COLLECTstring[]NoFields to collect from the user before re-evaluating.
GOTOstringNoFlow step to jump to.
RETRYbooleanNofalseRetry the current step after handling the constraint.
THENcontinue or retryNoWhat to do after collection: continue proceeds, retry re-checks.

Collect and retry example

CONSTRAINTS:
  pre_booking:
    - REQUIRE departure_date IS SET AND return_date IS SET
      ON_FAIL:
        RESPOND: "I need your travel dates to check availability."
        COLLECT: [departure_date, return_date]
        THEN: retry

    - REQUIRE departure_date > NOW()
      ON_FAIL:
        RESPOND: "The departure date must be in the future. What date works for you?"
        COLLECT: [departure_date]
        THEN: retry

GOTO example

- REQUIRE user.verified == true
  ON_FAIL:
    RESPOND: "You need to verify your identity first."
    GOTO: identity_verification_step

Severity levels

SeverityBehavior
errorBlocks the current operation. The ON_FAIL action executes. This is the default.
warningEmits a warning event and continues execution. The ON_FAIL message is logged, not sent.
- WARN fraud_score < 60
  ON_FAIL: "Transaction flagged for review."

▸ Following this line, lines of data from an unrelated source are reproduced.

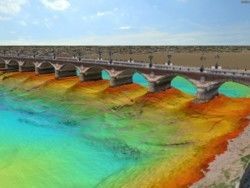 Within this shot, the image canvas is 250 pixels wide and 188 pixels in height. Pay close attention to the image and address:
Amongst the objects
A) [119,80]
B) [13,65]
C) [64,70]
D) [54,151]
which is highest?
[64,70]

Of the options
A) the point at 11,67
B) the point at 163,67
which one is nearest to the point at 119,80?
the point at 163,67

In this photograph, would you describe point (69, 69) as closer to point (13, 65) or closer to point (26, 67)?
point (26, 67)

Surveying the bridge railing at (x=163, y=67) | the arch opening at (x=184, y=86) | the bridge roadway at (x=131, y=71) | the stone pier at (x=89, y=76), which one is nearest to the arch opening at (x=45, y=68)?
the bridge roadway at (x=131, y=71)

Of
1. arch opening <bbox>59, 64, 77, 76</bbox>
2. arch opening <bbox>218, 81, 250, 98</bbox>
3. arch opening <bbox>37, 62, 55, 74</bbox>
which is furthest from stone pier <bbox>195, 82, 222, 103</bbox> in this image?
arch opening <bbox>37, 62, 55, 74</bbox>

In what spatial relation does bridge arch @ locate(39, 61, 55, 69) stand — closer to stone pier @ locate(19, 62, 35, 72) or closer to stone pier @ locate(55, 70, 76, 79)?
stone pier @ locate(55, 70, 76, 79)

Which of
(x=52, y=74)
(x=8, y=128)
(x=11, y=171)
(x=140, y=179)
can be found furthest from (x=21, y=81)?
(x=140, y=179)

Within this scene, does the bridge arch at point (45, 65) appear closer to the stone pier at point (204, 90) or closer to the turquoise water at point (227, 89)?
the turquoise water at point (227, 89) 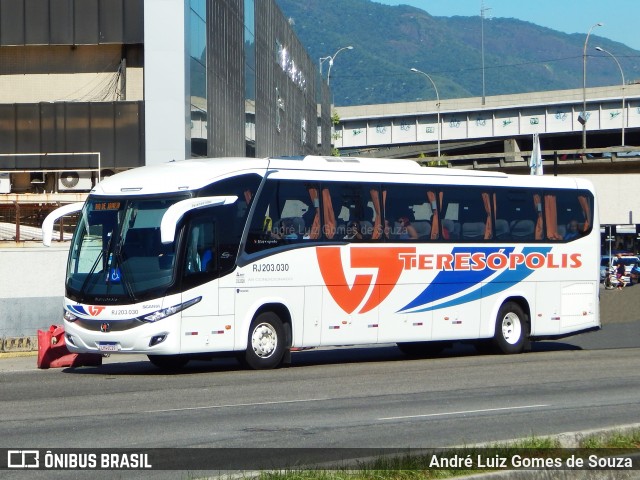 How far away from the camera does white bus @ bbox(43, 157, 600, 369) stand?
18578 millimetres

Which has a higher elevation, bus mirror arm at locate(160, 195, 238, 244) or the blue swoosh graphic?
bus mirror arm at locate(160, 195, 238, 244)

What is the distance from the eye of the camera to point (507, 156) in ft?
234

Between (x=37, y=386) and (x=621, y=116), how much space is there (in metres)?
78.2

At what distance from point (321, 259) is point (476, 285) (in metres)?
3.99

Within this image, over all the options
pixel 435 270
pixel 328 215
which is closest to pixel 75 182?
pixel 435 270

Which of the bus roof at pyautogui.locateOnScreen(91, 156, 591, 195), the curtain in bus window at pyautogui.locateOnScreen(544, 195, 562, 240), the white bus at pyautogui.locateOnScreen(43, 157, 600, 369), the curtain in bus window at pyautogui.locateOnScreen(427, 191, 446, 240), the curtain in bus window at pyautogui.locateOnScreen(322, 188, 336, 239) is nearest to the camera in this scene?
the white bus at pyautogui.locateOnScreen(43, 157, 600, 369)

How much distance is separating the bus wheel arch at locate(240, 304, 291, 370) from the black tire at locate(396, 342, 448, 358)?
14.9 feet

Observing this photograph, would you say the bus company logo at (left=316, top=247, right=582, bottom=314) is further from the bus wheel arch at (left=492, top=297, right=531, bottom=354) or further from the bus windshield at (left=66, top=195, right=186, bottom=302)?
the bus windshield at (left=66, top=195, right=186, bottom=302)

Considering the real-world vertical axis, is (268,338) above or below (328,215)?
below

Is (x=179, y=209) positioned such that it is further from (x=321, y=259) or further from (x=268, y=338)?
(x=321, y=259)

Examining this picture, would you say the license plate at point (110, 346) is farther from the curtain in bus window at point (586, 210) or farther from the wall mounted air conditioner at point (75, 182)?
the wall mounted air conditioner at point (75, 182)

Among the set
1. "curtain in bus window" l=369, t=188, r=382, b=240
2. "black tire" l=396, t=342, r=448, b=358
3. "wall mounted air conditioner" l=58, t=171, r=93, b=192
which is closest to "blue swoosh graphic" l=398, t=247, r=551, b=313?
"black tire" l=396, t=342, r=448, b=358

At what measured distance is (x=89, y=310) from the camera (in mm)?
18578

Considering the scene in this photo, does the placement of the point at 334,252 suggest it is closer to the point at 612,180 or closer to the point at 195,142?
the point at 195,142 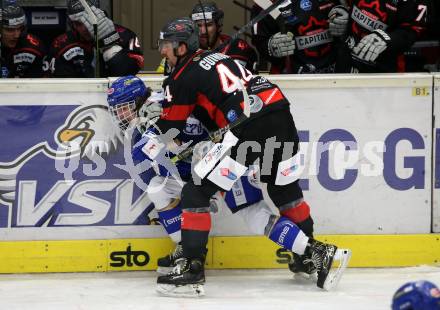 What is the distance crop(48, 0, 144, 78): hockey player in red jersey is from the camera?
6.29 metres

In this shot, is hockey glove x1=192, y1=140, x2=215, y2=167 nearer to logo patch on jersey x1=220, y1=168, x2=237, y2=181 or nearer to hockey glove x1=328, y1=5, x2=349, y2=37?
logo patch on jersey x1=220, y1=168, x2=237, y2=181

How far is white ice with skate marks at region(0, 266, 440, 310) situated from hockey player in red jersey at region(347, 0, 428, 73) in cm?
122

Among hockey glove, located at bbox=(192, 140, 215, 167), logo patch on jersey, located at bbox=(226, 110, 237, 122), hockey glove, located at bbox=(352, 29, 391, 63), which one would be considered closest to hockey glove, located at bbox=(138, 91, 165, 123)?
hockey glove, located at bbox=(192, 140, 215, 167)

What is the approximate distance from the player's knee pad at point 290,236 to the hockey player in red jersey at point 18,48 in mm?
2130

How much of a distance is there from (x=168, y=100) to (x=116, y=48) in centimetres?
126

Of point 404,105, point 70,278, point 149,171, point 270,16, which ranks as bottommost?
point 70,278

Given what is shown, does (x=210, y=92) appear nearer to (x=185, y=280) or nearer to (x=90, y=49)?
(x=185, y=280)

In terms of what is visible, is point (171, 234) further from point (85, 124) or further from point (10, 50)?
point (10, 50)

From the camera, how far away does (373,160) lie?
5754 mm

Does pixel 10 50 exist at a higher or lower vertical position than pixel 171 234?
higher

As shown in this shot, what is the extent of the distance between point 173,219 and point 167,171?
0.25 m

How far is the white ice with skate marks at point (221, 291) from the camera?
4.97 metres

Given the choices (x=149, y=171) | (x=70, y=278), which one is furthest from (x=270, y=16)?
(x=70, y=278)

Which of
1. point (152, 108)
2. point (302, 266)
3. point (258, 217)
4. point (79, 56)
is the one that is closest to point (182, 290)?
point (258, 217) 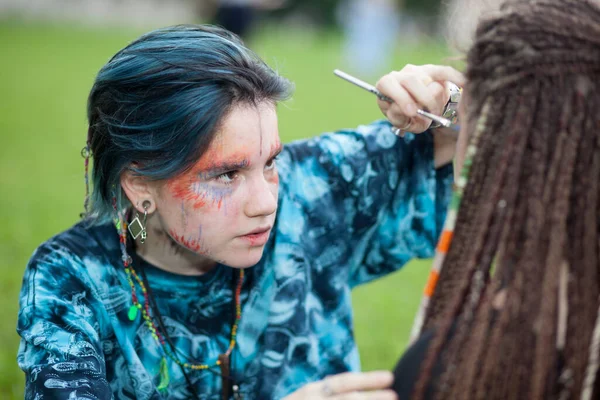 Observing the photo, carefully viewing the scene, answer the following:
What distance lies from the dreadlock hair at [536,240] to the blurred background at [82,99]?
0.90m

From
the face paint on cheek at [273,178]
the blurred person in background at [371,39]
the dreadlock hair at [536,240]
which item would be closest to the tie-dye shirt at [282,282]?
the face paint on cheek at [273,178]

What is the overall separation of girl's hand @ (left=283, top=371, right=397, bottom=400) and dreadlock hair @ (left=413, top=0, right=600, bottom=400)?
0.09m

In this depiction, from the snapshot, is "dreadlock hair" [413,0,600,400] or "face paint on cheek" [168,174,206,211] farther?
"face paint on cheek" [168,174,206,211]

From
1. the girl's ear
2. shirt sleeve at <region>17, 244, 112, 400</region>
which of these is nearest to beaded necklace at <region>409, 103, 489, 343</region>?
shirt sleeve at <region>17, 244, 112, 400</region>

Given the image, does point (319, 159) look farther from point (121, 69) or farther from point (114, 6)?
point (114, 6)

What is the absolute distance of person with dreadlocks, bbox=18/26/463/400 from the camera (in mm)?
2244

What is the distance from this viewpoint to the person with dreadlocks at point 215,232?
2.24 m

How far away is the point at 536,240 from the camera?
1452 millimetres

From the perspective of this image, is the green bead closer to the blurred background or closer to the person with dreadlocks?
the person with dreadlocks

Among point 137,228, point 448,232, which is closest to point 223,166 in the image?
point 137,228

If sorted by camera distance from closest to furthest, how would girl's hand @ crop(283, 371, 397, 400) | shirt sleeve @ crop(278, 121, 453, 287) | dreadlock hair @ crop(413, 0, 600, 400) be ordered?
1. dreadlock hair @ crop(413, 0, 600, 400)
2. girl's hand @ crop(283, 371, 397, 400)
3. shirt sleeve @ crop(278, 121, 453, 287)

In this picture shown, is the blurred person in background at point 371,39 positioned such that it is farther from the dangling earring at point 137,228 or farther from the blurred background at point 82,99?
the dangling earring at point 137,228

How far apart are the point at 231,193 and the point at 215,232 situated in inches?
5.5

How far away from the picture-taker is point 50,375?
2.08 metres
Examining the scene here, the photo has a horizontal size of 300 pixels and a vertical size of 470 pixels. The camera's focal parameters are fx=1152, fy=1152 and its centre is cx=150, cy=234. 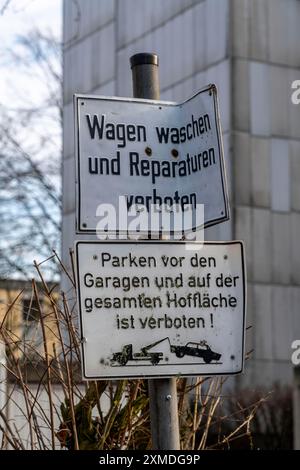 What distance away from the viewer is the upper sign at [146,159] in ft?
14.1

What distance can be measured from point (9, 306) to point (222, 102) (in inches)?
838

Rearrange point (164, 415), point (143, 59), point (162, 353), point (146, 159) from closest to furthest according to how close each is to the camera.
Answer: point (162, 353), point (164, 415), point (146, 159), point (143, 59)

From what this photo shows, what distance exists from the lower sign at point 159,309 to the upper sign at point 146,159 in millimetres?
126

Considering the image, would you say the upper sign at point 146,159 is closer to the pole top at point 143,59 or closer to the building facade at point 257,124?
the pole top at point 143,59

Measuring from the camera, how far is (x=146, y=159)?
442 centimetres

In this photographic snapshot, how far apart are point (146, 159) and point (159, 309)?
0.62 m

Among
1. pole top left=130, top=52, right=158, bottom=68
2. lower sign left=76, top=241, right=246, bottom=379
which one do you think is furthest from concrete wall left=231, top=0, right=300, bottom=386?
lower sign left=76, top=241, right=246, bottom=379

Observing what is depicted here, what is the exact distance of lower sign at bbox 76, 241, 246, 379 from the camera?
160 inches

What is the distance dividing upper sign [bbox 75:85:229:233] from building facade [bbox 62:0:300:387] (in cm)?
2073

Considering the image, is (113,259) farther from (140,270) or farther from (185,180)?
(185,180)

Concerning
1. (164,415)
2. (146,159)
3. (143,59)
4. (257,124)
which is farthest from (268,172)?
(164,415)

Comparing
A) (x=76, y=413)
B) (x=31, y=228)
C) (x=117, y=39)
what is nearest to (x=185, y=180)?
(x=76, y=413)

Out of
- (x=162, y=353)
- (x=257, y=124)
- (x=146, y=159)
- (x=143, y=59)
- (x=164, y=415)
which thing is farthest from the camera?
(x=257, y=124)

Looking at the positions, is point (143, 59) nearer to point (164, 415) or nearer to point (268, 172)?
point (164, 415) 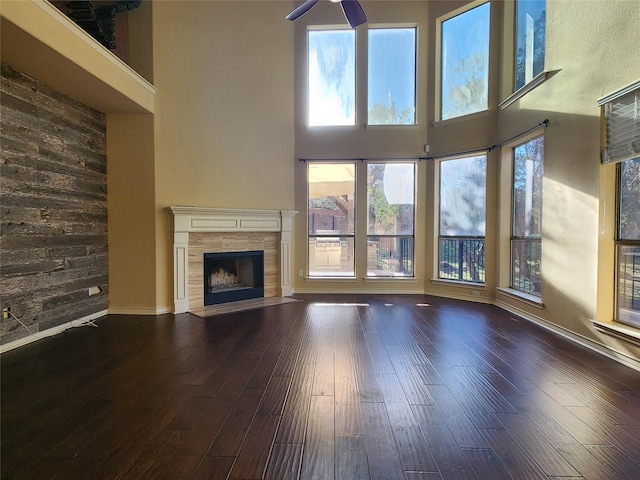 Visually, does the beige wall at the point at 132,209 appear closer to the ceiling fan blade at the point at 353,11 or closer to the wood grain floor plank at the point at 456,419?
the ceiling fan blade at the point at 353,11

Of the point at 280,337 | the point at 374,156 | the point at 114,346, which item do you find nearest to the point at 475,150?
the point at 374,156

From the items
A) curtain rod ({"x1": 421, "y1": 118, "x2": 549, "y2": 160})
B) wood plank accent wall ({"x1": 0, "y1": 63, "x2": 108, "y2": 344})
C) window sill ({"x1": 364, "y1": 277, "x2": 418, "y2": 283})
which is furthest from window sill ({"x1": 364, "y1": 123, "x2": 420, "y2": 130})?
Result: wood plank accent wall ({"x1": 0, "y1": 63, "x2": 108, "y2": 344})

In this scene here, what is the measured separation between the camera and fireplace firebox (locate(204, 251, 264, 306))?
15.8ft

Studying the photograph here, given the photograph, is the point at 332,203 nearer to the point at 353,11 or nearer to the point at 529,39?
the point at 353,11

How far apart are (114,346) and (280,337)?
5.41 feet

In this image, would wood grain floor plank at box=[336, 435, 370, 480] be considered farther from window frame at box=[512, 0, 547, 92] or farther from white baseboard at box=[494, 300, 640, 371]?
window frame at box=[512, 0, 547, 92]

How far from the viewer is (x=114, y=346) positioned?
312cm

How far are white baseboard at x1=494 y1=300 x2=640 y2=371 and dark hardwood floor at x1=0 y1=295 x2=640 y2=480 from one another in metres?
0.09

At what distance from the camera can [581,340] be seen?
3.21m

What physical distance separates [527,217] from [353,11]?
137 inches

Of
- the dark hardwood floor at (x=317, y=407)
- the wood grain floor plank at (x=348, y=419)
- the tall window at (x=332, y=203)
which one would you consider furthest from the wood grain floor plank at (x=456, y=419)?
the tall window at (x=332, y=203)

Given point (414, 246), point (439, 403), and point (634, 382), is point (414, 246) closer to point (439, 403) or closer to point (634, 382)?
point (634, 382)

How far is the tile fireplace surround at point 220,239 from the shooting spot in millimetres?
4371

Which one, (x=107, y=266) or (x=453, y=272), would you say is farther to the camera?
Answer: (x=453, y=272) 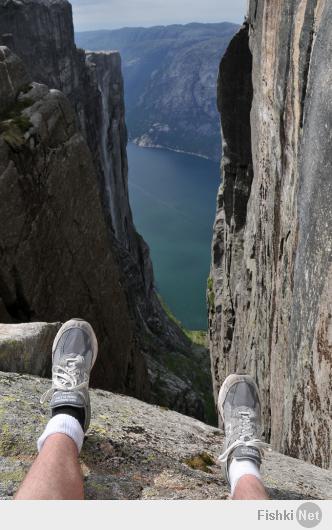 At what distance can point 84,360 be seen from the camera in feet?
26.0

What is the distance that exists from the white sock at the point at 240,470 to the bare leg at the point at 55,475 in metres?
1.94

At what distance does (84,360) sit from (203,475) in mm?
2676

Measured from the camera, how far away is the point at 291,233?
44.2 feet

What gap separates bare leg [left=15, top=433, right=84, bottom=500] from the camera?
486 centimetres

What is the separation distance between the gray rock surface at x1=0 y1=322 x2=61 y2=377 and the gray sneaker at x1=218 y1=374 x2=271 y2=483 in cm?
390

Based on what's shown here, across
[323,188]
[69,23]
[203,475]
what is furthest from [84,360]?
[69,23]

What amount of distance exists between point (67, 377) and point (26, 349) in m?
2.71

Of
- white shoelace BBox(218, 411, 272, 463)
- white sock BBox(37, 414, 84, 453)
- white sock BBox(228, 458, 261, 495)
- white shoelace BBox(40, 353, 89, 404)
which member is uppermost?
white shoelace BBox(40, 353, 89, 404)

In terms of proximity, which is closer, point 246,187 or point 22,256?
point 22,256

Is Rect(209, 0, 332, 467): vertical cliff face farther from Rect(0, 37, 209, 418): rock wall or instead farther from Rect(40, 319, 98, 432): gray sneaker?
Rect(0, 37, 209, 418): rock wall

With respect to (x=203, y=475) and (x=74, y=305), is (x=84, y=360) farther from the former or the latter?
(x=74, y=305)

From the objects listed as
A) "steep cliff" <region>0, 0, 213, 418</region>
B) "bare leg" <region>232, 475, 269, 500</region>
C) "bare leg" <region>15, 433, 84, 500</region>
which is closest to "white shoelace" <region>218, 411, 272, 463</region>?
"bare leg" <region>232, 475, 269, 500</region>

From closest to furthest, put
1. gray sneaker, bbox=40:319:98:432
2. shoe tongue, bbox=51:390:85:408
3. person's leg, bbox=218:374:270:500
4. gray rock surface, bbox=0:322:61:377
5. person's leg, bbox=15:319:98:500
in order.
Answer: person's leg, bbox=15:319:98:500
person's leg, bbox=218:374:270:500
shoe tongue, bbox=51:390:85:408
gray sneaker, bbox=40:319:98:432
gray rock surface, bbox=0:322:61:377

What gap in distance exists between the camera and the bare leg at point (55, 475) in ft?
16.0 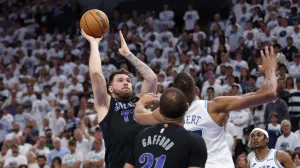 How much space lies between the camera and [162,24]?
21.8 meters

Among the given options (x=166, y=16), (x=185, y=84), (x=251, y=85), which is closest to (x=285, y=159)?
(x=185, y=84)

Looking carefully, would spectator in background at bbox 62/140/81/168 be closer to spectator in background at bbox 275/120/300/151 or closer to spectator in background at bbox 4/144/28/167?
spectator in background at bbox 4/144/28/167

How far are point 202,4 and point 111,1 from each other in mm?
3839

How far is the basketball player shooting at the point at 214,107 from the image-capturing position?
221 inches

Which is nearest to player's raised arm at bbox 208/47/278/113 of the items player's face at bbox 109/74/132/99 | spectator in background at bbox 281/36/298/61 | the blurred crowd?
player's face at bbox 109/74/132/99

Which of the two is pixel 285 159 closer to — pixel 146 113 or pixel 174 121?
pixel 146 113

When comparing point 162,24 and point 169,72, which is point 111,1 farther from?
point 169,72

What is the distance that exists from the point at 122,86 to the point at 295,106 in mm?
8433

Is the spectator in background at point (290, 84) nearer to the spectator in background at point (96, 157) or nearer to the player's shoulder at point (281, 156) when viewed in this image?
the spectator in background at point (96, 157)

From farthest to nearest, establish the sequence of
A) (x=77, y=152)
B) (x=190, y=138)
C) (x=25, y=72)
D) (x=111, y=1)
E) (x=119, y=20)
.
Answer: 1. (x=111, y=1)
2. (x=119, y=20)
3. (x=25, y=72)
4. (x=77, y=152)
5. (x=190, y=138)

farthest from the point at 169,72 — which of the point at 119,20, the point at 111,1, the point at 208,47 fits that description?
the point at 111,1

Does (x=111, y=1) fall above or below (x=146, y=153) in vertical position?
above

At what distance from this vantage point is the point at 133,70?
1905 cm

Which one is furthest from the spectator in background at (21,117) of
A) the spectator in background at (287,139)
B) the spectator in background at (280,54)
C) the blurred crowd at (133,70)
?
the spectator in background at (287,139)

Constraint evaluation order

  1. Constraint phase names such as always or pre_booking are labels only; the compiler flattens all constraints into one runtime list.
  2. WHEN gates a constraint to a specific context, and structural BEFORE gates it to supported checkpoints such as tool calls or final responses.
  3. Inline flow-step CHECK expressions are separate from CONSTRAINTS and evaluate directly against step.check.
  4. Declaration order is preserved in the flattened list.
  5. Evaluation stops at the first error-severity failure. Warnings do not halt evaluation.

Template interpolation in messages

ON_FAIL message strings support {{variable}} interpolation using the current session context:
- REQUIRE (daily_wire_used + amount) <= daily_wire_limit
  ON_FAIL: "This wire would exceed your daily limit of {{daily_wire_limit}}. You've sent {{daily_wire_used}} today."